Takayama is a city in Japan’s mountainous Gifu Prefecture,
with narrow streets of its Sanmachi Suji historic district lined with wooden merchants’ houses dating to the Edo Period.
Takayama retains a traditional touch like few other Japanese cities, especially in its beautifully preserved old town.
It has become one of the prime candidates among travelers wishing to add a rural element into their itineraries.
Takayama gained importance as a source of high quality timber and highly skilled carpenters during the feudal ages.
The city was consequently put under direct control of the shogun and enjoyed quite a bit of prosperity considering its remote mountain location.
The city is now famed for its biannual Takayama Festival, going back to at least the mid-1600s, celebrating spring and fall with parades featuring ornate, gilded floats and puppet shows.
None of which we saw, visiting in the first week of September.
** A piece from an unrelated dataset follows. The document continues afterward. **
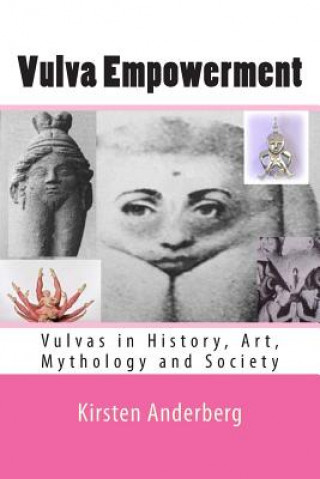 Vulva Empowerment: Vulvas in History, Art, Mythology and Society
We did have our best meal of the entire trip though,
staying at a very traditional inn towards the outskirts of the city, in two rooms complete with tatami matting, comfortable futons on the floor and incredibly uncomfortably hard pillows.
There were shared toilets and sinks on our floor, and communal baths downstairs with an onsen for men and one for women.
My daughters assure me that the most traumatic event of the entire holiday was showering down in the public baths with a total stranger though I’m not sure whether getting naked in front of the stranger was more or less difficult than getting naked infant of their mum or sister.
Ho hum. Another example of where dad is held to an entirely lower standard.